Swój człowiek na czele grupy siatkarskich herosów. Przybliżamy czołowe postacie Grupy Azoty ZAKSA Kędzierzyn-Koźle
Twórca gigantów
Innym z największych wygranych tego sezonu w Grupie Azoty ZAKSA Kędzierzyn-Koźle jest bez wątpienia rozgrywający Marcin Janusz.
- Chciałem przede wszystkim udowodnić sobie, że jestem w stanie udźwignąć ciężar bycia pierwszym rozgrywającym w czołowym europejskim klubie. Zdawałem sobie sprawę, jakie głosy dotyczące mojej osoby będą dominować na początku i jak niesamowicie trudne zadanie mnie czeka - komentował w styczniu popularny „Elvis”.

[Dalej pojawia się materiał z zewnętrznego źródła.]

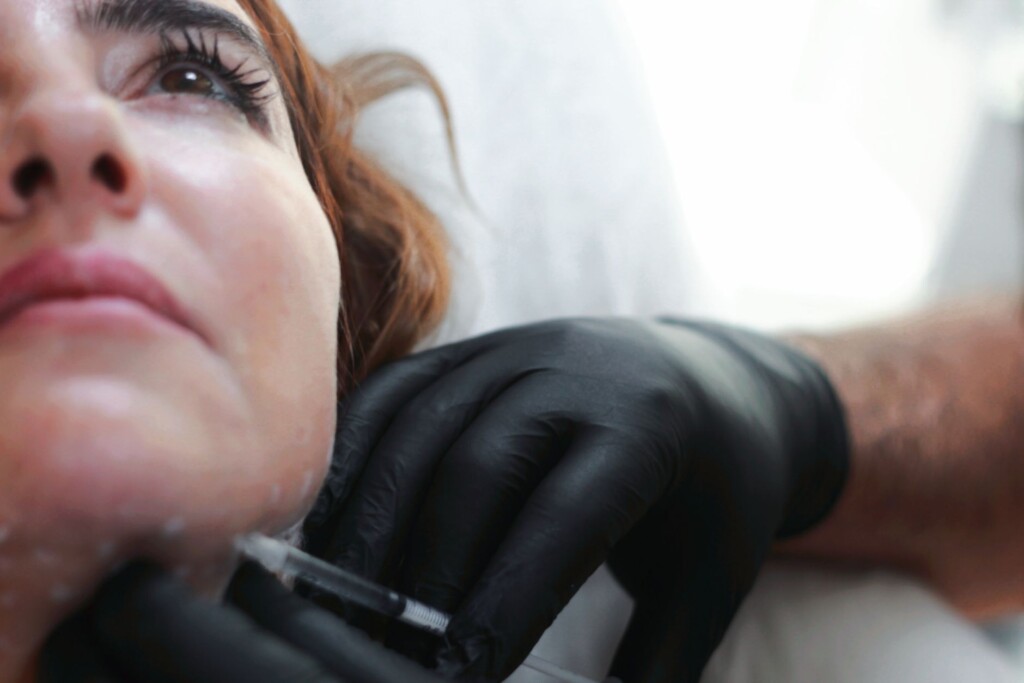 Injector in black gloves administering a dermal filler injection to a woman's lower face, illustrating precise cosmetic injection technique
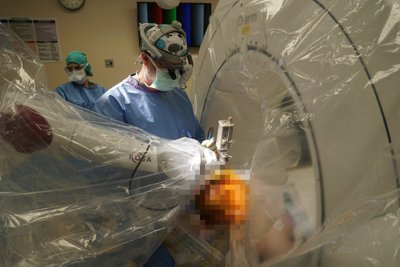 Pirmoji robotinė giliojo smegenų stimuliatoriaus implantacija Arkanzaso istorijoje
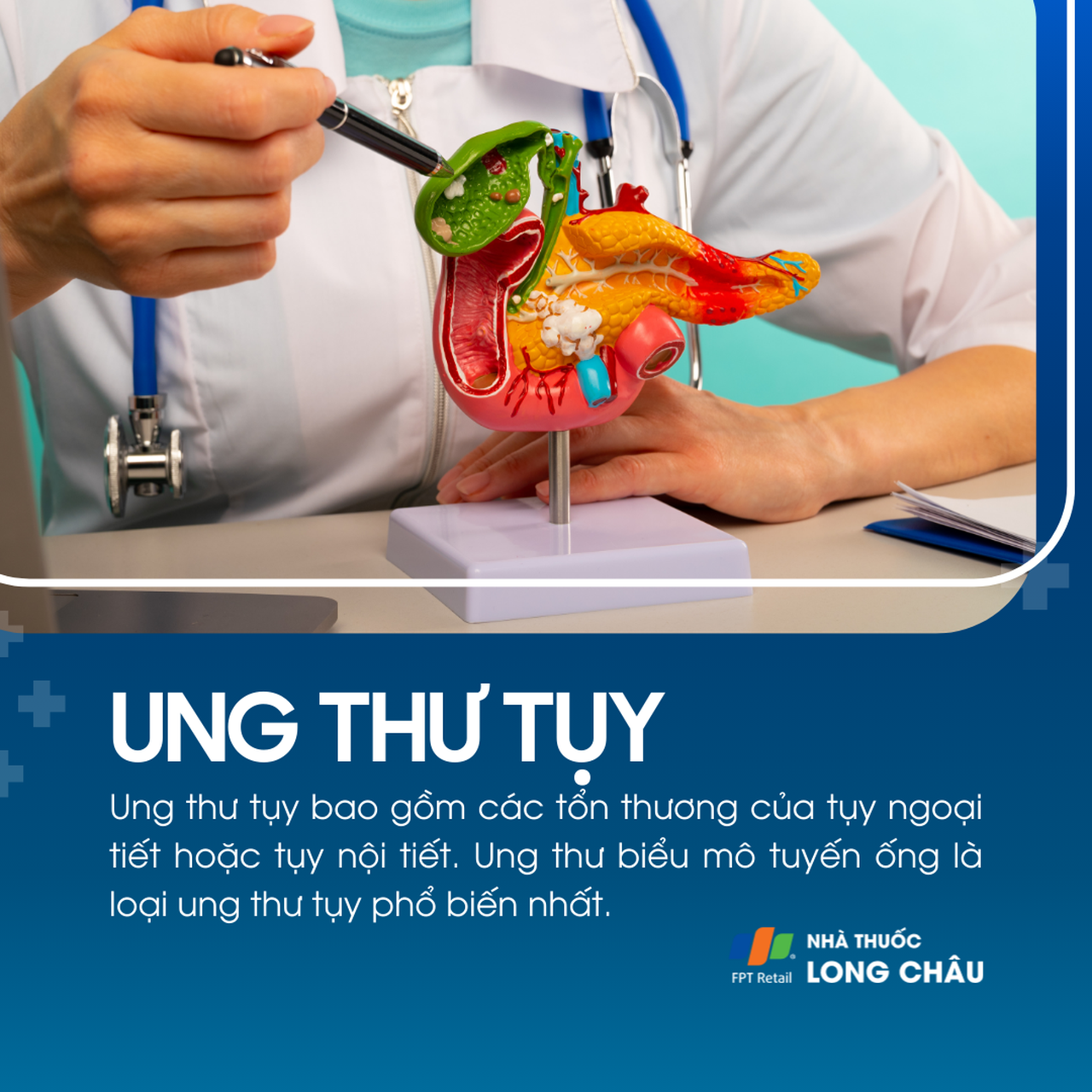 Ung thư tụy 1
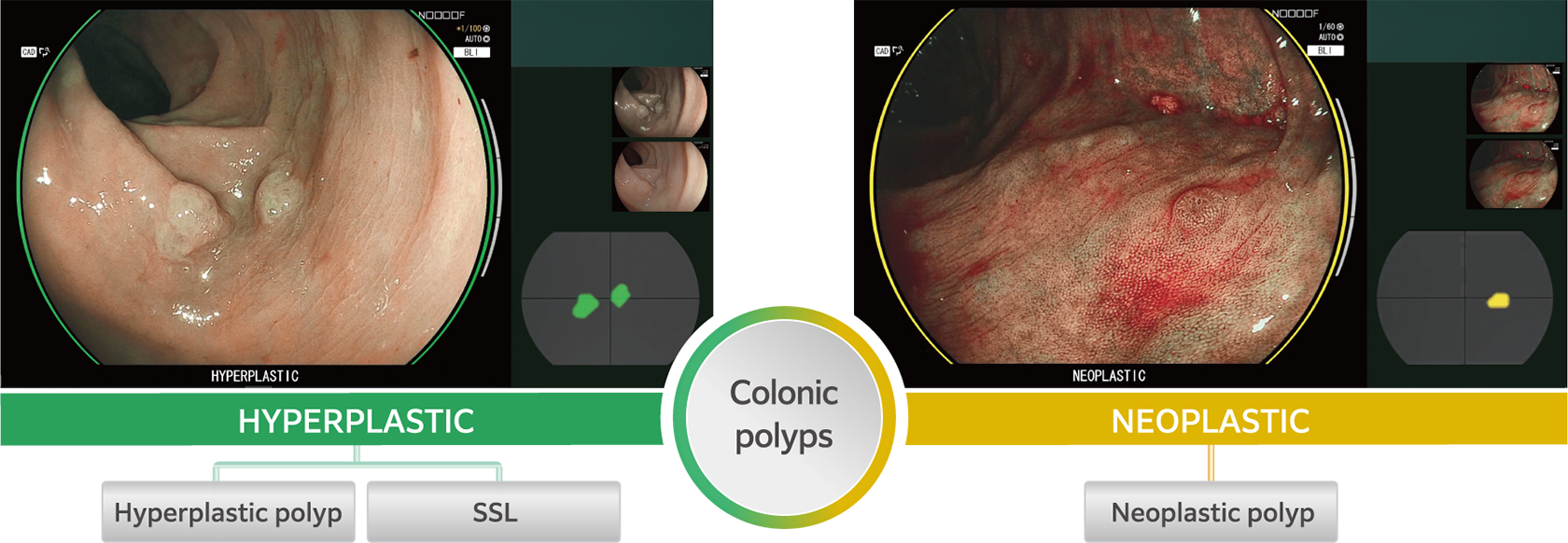 CAD EYE characterization working with BLI mode in the colon. HYPERPLASTIC lesions are colored green.CAD EYE characterization working with BLI mode in the colon. NEOPLASTIC lesions are colored yellow.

Rzeczywiście, przed sezonem wielu było sceptyków, którzy uważali, że zastąpienie w stosunku „jeden do jednego” Benjamina Toniuttiego będzie zadaniem niemożliwym. Tymczasem Janusz w sezonie 2021/22 nie tylko tego dokonał, ale spisywał się w nim po prostu lepiej niż Francuz w Jastrzębskim Węglu. Zachwycił siatkarskich obserwatorów do tego stopnia, że teraz praktycznie nikt nie wyobraża sobie, by ktokolwiek inny mógł być w najbliższym czasie podstawowym reżyserem poczynań również w reprezentacji Polski. Janusz musi tylko spróbować znaleźć źródło swoich problemów ze skurczami w łydkach, które pojawiały się u niego różnych momentach sezonu, także (dwukrotnie) w finale Ligi Mistrzów. Ze względu na prezentowaną przez niego formę, taki widok wywoływał zapewne u wielu kibiców kędzierzynian przyspieszone bicie serca.